Fino a che punto possiamo arginare il rischio idrogeologico con le opere edilizie?

Il dissesto idrogeologico è un problema con cui il nostro Paese deve sempre fare i conti, soprattutto in seguito agli eccezionali eventi atmosferici che si sono verificati in alcune aree della penisola negli ultimi tempi, specialmente per quanto riguarda il nord-est.
Data la conformazione del territorio, il rischio di frane e allagamenti in Italia è piuttosto alto, per cui è necessaria la massima attenzione e preparazione da parte dei cittadini e delle istituzioni.
I gravi danni causati dal maltempo in Veneto, Trentino Alto-Adige e Friuli Venezia Giulia nelle scorse settimane portano a chiederci però se le nostre aree urbane siano adeguatamente preparate a fronteggiare questo tipo di avvenimenti.

Ne abbiamo parliamo con il professor Paolo Simonini, docente di geotecnica al dipartimento di Ingegneria civile, edile e ambientale all'università di Padova.

L'intervista completa al professor Paolo Simonini. Servizio di Federica D'Auria. Montaggio di Elisa Speronello.

“Il territorio italiano è geologicamente giovane e in evoluzione, e per questo delicato. A differenza di altri paesi non è soggetto a un solo tipo di rischio naturale, ma è sensibile ai terremoti, alle frane e alle alluvioni”, spiega il professor Simonini.

“In questo periodo assistiamo poi a un cambio climatico e all'innalzamento delle temperature che dà origine anche a fenomeni di cambi di distribuzioni delle precipitazioni.
Gestire questi cambiamenti non è facile. In particolare, i problemi delle infrastrutture di difesa dalle inondazioni riguardano solitamente gli argini minori, che si rompono più spesso.
Bisogna perciò studiare le condizioni per aprire dei bacini in cui l'acqua possa defluire in caso di piene. Gli interventi sono però costosi, e bisogna selezionare dove concentrare i propri sforzi”.

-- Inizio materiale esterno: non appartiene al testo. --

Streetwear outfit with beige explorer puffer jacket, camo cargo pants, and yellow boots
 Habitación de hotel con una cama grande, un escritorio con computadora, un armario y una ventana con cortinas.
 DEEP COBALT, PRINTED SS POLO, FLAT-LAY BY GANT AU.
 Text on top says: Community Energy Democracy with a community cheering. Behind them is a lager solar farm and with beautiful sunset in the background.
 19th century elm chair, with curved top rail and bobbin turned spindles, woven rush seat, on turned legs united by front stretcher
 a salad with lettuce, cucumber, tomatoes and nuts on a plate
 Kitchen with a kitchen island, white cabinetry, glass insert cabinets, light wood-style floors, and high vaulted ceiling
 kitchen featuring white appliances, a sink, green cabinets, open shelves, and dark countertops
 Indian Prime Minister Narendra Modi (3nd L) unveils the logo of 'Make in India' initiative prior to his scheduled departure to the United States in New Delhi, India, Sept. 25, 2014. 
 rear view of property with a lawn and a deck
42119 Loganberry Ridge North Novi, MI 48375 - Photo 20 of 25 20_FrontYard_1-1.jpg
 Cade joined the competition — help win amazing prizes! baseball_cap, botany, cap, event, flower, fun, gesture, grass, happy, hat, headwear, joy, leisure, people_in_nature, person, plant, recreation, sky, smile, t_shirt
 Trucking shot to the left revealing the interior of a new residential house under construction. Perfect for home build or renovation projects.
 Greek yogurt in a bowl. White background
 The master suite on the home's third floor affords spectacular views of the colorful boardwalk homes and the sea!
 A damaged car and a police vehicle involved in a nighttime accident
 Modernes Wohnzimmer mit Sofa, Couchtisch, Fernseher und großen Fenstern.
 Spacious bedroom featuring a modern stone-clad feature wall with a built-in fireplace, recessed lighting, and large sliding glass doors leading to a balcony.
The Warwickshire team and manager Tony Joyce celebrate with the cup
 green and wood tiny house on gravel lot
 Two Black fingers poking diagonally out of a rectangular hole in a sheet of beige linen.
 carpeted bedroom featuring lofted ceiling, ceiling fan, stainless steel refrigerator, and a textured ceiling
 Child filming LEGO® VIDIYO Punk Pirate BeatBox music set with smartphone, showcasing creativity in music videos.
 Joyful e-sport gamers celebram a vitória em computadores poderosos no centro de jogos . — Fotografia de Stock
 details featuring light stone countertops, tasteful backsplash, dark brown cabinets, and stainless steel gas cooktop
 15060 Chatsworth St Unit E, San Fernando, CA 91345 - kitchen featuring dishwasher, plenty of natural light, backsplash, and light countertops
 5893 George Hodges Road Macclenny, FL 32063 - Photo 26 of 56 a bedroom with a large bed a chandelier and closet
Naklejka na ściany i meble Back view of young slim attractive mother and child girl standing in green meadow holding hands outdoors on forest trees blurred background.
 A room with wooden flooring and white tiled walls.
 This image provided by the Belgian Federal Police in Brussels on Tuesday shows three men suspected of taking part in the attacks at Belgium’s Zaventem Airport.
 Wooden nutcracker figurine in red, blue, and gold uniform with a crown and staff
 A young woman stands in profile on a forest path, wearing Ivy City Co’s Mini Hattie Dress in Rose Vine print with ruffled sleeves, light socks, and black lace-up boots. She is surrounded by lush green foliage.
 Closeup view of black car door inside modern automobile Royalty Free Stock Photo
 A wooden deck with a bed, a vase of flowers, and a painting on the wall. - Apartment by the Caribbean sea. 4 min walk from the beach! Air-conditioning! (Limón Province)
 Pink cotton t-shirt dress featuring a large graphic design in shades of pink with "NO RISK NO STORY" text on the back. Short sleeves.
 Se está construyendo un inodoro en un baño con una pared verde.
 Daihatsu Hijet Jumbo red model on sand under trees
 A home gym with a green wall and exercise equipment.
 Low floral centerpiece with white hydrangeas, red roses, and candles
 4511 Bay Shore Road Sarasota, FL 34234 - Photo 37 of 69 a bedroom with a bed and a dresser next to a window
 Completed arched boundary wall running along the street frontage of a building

Il professor Simonini sottolinea inoltre l'importanza delle attività di monitoraggio: “oggi, grazie ai satelliti, le opere edilizie possono essere più facilmente controllate, rispetto al passato.
Ci sono diversi enti che se ne occupano. L'Ispra controlla il territorio italiano, la protezione civile si occupa delle regioni. Il Consiglio nazionale delle ricerche, inoltre, controlla e monitora le frane e l'università, collaborando con gli enti pubblici, studia dei piani di controllo e monitoraggio e interpreta i dati per intervenire là dove è necessario mettere in sicurezza il territorio”.

“Io credo che un approccio moderno debba tener conto anche della sostenibilità economica degli interventi, aggiunge il professor Simonini. “Bisogna accettare un possibile limite di rischio purché non sia grave e non mini la sicurezza delle persone. È necessario perciò un compromesso tra un approccio economicamente sostenibile e uno assicurativo per risarcire eventuali danni materiali.

In Italia sono presenti numerosi fenomeni franosi, e non è possibile stabilizzarli tutti, né fermarli. Però si possono individuare le zone più a rischio per decidere quali interventi mettere in atto di volta in volta per proteggere il patrimonio storico e artistico e la vita delle persone”.